36 Parc Maillol - Mocassins 4ème
Mila coupe le contact.
Pas de 308, mais un fourgon vieillissant et Pierre à l’intérieur en train de vider au seau des matériaux dans un big bag [1].
— Bonsoir Pierre
— Bonsoir.
— Vous pouvez me montrer ce que vous avez fait cette semaine ?
Pierre descend du fourgon, prend la direction du mur, le seau de maçon vide à la main. Il s’arrête à l’angle de la maison, laissant Mila examiner par elle-même.
Non plus de couloir creusé entre le mur enduit et le talus. Au contraire l’ensemble est comblé de cailloux gros en bas, plus petits en haut. Cette muraille dépasse de la pente, des bouts de tissus sortent de chaque côté. Devant elle, à ses pieds, la terre a été retournée jusqu’à l’angle de la maison.
Mila sourit, elle regarde Pierre et lui demande :
— Vous pouvez m’expliquer s’il vous plaît ?
— Le géotextile empêchera la terre de remplir les espaces entre les pierres. Mais ça je vous l’ai déjà dit.
— Oui.
— Avant de mettre les pierres, j’ai pris un bout de tuyau à gros diamètre que j’ai trouvé derrière chez vous, et je l’ai mis au fond. Il amènera l’eau dans le coffret d’eaux pluviales.
Il indique la plaque de béton carrée au pied de l’angle de la maison.

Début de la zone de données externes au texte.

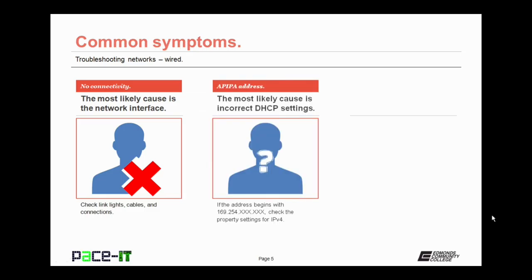If you have connectivity, but you only have an APIPA address, then the most likely cause is with your DHCP server. What that means is that if your address begins with 169.254, then you should check to ensure that your DHCP server is functioning properly.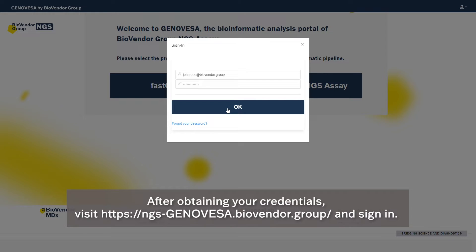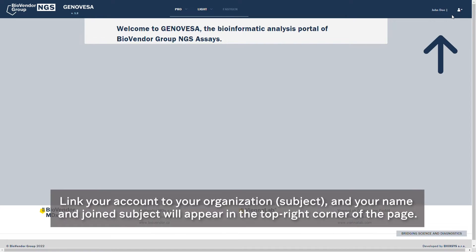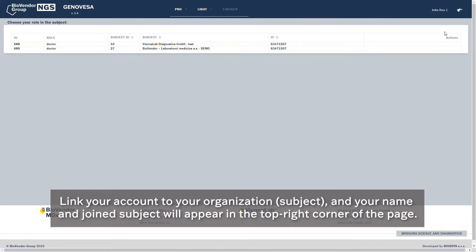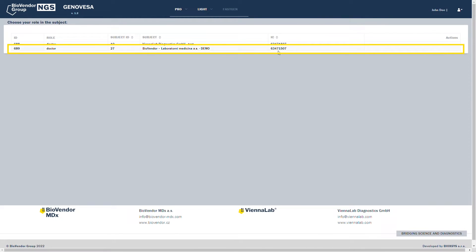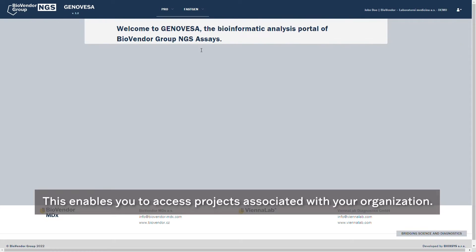Link your account to your organization and subject. Your name and joined subject will appear in the top right corner of the page. This enables you to access projects associated with your organization.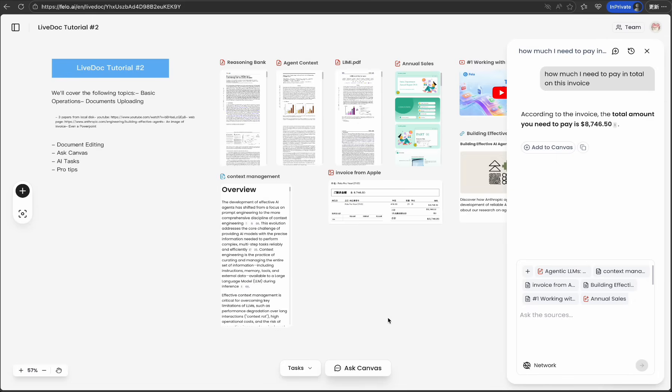And that's your complete guide to the smart Canvas workspace. You now know how to navigate the infinite Canvas, integrate multiple resource types, edit documents directly, leverage AI conversations, and connect research to results with AI tasks. In our next episode, we'll dive deeper into collaboration, specifically how humans and AI agents can work together in a hybrid model.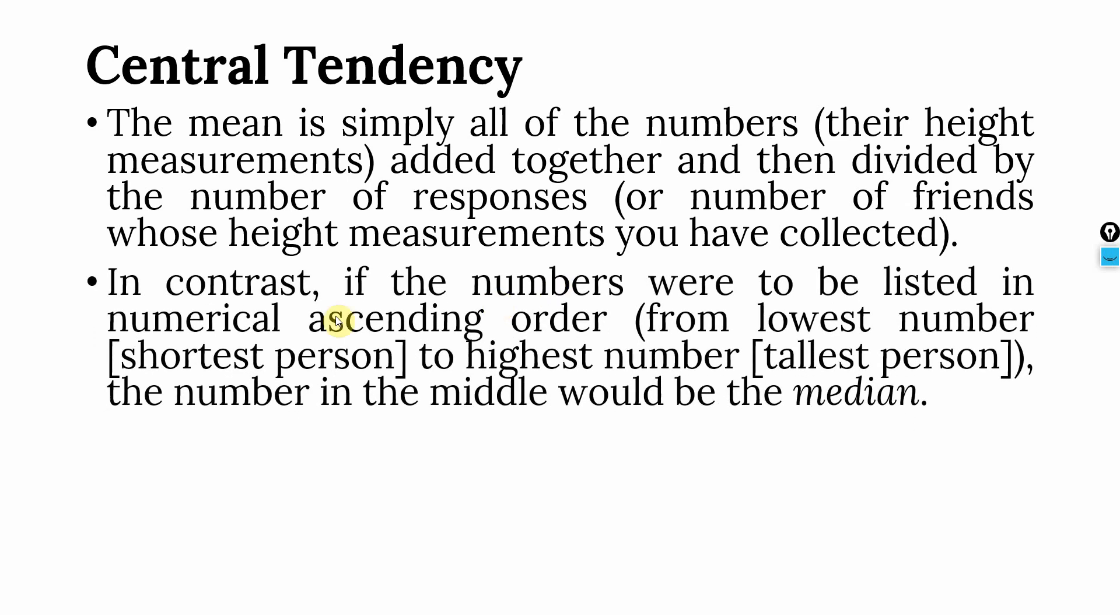Now, in contrast, if the numbers were to be listed in numerical ascending order from lowest to the highest, that is from shortest person to the tallest person, the number in the middle would be the median.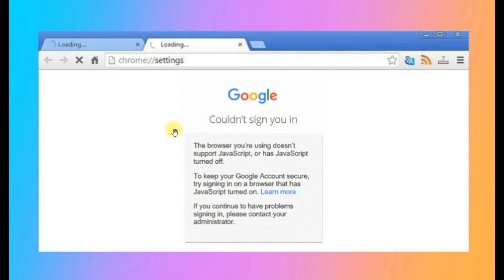Basically you enter your Gmail address, then the password, and then this message pops up. I will give you the solution in a very few steps.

— Pour que, si l’eau venait à être très abondante en descendant du talus notamment, le drain ne soit pas trop sollicité. Vous avez une gouttière, là...
Il montre le tuyau vertical dans le coin de la maison.

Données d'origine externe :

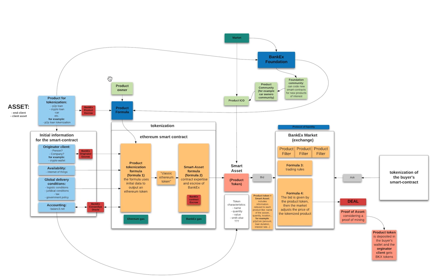So we collect some initial information, we then process it with some formulas that we have developed into a smart contract, then into a smart asset. Then this product token is in the Bankex market, where it's filtered through product filters and finally meets the bids and asks.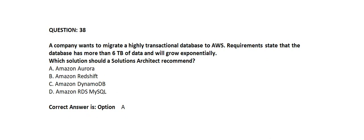Question number 38. A company wants to migrate a highly transactional database to AWS. Requirements state that the database has more than 6 TB of data and will grow exponentially. Which solution should a solution architect recommend?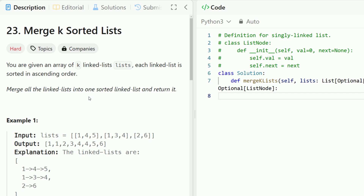Hey everyone, welcome back to Code in Motion. Today we're looking at a really cool problem, number 23, merge k-sorted lists. We're given an array of k-linked lists and each linked list is sorted in ascending order. We need to merge all the linked lists into one sorted linked list and return back that list.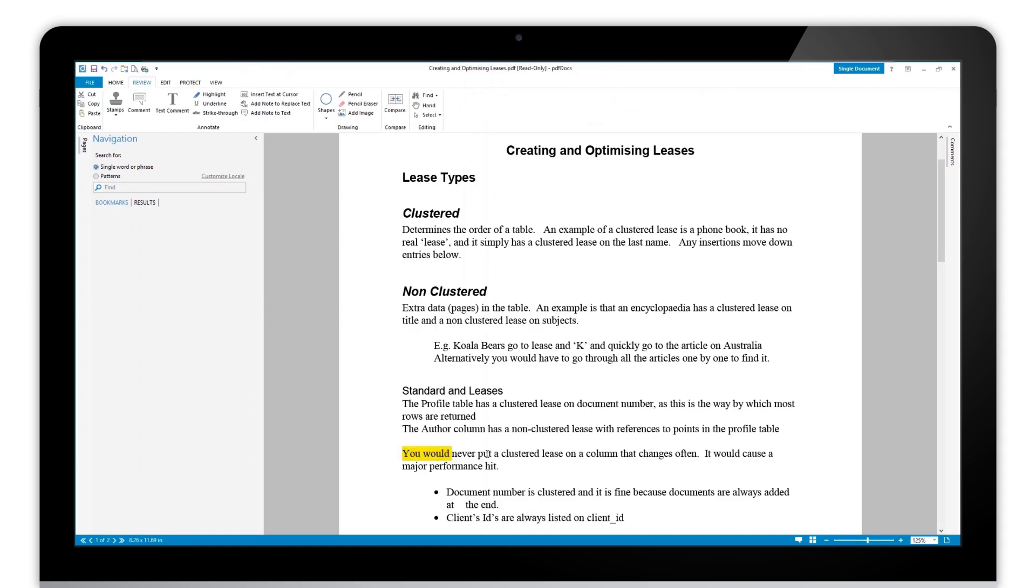But if we then go to select some more text, the tool has reverted back to the text selection. That's because by default it's a single use tool.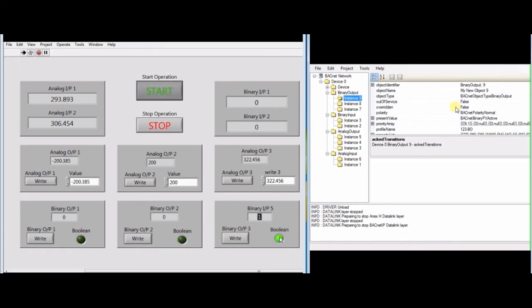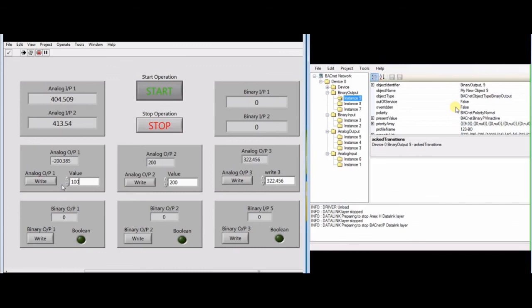As we can see, this LabVIEW VI is able to perform BACnet communication without any help of an external converter. This time we have successfully performed the read operation as well as the write operation. In our next video we will perform the same operation for analog and digital values. For more information about BACnet, you can visit my blog.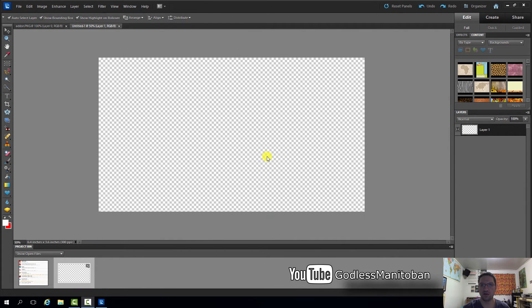Today I'm going to use Adobe Photoshop Elements to show you how to add an outline to text, if you're making a video thumbnail or doing some other picture project. This helps bring out the text, especially if it's on a light background and the text is white.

— Et un coffret d’eaux pluviales en bas. Ça tombait bien.
— Et là vous récupérez au seau les cailloux livrés qu’il reste pour faire place nette.

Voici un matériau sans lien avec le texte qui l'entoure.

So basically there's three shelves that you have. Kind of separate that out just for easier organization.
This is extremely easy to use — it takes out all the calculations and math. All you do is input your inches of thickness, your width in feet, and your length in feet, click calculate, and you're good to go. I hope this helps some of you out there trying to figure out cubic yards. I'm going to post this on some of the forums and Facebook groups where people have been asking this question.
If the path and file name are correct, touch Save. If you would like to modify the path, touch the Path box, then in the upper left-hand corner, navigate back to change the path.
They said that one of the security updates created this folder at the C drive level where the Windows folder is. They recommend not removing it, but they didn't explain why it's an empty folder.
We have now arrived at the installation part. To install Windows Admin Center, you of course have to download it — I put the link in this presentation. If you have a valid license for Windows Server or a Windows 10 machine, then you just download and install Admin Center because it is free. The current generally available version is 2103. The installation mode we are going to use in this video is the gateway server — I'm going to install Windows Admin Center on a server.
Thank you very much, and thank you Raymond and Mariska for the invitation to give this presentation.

Pierre ne dit rien, fixant le petit tas restant de cailloux.
— C’est un travail ingrat que vous faites seul, qui plus est. Je vous remercie.
— Semaine prochaine, je finis ici et je serai dans la maison, sur le plafond, il indique l’atelier du menton. Edmond ou moi, on amènera les rails et on les stockera dans la pièce.
— Très bien. J’ai commencé à entreposer des choses dedans. Je les pousserai sur un côté. Par où commencez-vous ?
— N’importe.
Un silence.
— Vous connaissez Edmond Vallone depuis longtemps ?
— …
Pierre ramène le seau dans le fourgon.
Il tire un carton, en sort une couverture bleue et la déplie sur le bord. Il s’assoit dessus et approche la caisse plastique, la rouge. Il en sort un mocassin souple, retire une botte et enfile le mocassin. Il attrape le second mocassin, retire la seconde botte, enfile le second mocassin et secoue les deux bottes l’une contre l’autre.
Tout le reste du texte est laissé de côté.